Siempre me ha invadido un sentimiento de inquietud, de zozobra frente a la ría. En un momento de su novela, Jorge Velasco llama al río “un espejo viejo, lento y presagioso”. Es la sensación de que sus aguas nunca han desembocado en el mar, que siempre regresan con los mismos cadáveres que el diluvio de los ríos arrastró hasta su corriente inmóvil. Porque el río se va, para en la tarde volver y alcanzar su inquietante condición de espejo de la historia. Las aguas del río llegan a los manglares y allí se duermen por siglos. Y al internarse en el mundo desolado del manglar, donde todo tiempo se anula, Velasco Mackenzie va a encontrarse con todos, con los que en los años XX se fueron convertidos en cruces sobre el agua.
La novela íntegra está traspasada por una sola ambigüedad: la que produce el azar de la ciudad, la memoria insoportable de la ciudad. Una agonía que nunca va a concluir porque la agonía es su cotidianidad. La ambigüedad contagia en esta novela absolutamente todo: el lenguaje, la estructura, los escenarios, los lugares, las voces, los diálogos, la identidad de los personajes que finalmente son uno solo y ninguno: el escritor que se niega a lo largo de sus páginas.

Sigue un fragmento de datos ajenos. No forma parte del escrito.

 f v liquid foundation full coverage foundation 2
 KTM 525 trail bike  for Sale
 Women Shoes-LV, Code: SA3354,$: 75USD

La ambigüedad, incluso, le da unidad a una novela que transcurre en dos escenarios y dos tiempos muy distintos. La ambigüedad los reúne en torno a los desenlaces imposibles, o a la ausencia de los desenlaces. La ambigüedad del río invade por igual los dos escenarios de la ficción.
La novela de Velasco Mackenzie me devolvió a lo mejor de la literatura latinoamericana, particularmente Onetti.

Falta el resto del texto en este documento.